The volunteers' action thinned the herd to seven adults and one colt, reducing pressure on their primary food source -- marsh grass, which was becoming scarce. The animals that kept wandering away likely were seeking other places to graze, McGlashan said. Now, the marsh grass is showing signs of new growth, although the horses have been challenged by an unusually cold winter.
McGlashan said she and her husband, Dave, made daily trips to the marsh to supplement the ponies' diet with pellet feed and hay. Neighbors have donated $400 to $500 to purchase the feed, which costs about $15 for a 50-pound bag, she said. Others have donated hay.
The horses seem to be doing well, McGlashan said.
McGlashan said that although the population seems to again be stabilized, a more permanent solution is needed.
"This is not a long-term solution. We cannot do this forever," she said.

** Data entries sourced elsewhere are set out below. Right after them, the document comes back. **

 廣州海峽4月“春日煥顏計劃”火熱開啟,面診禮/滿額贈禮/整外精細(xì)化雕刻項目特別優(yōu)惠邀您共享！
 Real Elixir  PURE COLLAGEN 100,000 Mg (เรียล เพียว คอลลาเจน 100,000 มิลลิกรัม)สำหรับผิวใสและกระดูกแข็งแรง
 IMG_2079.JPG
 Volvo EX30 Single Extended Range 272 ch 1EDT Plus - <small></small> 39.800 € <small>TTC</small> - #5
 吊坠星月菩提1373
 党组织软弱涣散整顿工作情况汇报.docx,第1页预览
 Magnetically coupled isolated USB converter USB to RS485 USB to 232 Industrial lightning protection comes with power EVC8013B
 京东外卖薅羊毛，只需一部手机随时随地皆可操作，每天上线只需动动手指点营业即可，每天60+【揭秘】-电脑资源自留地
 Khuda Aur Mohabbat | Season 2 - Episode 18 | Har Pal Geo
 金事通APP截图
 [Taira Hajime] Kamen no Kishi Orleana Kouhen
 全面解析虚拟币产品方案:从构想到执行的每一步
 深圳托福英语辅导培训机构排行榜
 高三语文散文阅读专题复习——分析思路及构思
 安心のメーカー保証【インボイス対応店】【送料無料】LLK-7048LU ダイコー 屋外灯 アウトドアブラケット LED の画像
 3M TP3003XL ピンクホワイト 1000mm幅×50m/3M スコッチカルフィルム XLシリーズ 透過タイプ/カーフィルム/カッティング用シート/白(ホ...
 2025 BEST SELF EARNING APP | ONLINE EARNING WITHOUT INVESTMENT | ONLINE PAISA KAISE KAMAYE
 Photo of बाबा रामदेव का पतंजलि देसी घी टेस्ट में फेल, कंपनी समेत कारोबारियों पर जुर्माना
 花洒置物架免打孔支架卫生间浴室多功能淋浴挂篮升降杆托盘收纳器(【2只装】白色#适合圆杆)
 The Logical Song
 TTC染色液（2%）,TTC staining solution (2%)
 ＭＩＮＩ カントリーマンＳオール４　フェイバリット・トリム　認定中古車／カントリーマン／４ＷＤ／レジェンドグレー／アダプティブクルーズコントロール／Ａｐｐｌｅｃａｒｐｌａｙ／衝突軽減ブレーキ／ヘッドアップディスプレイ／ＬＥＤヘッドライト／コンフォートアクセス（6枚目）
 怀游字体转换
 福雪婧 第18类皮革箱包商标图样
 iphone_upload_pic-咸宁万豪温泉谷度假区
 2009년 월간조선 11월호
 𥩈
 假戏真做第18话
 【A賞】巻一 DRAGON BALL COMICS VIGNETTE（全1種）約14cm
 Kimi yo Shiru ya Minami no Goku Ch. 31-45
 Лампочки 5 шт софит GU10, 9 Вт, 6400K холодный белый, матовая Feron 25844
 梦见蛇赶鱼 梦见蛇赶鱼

Pat Snow, a Horse Island resident who has helped collect and account for donations to help the horses, said this past November that she wants a government agency to declare the area a sanctuary for the ponies. Beaufort County Animal Control director Tallulah Trice suggested that might be possible through the county's Rural and Critical Lands Program.
McGlashan said she also is reaching out to the Fripp Audubon Club, which might have an interest in preserving the surroundings, as well. The tidal flats are attract many birds, and there are rookeries and roosting spots nearby, she said.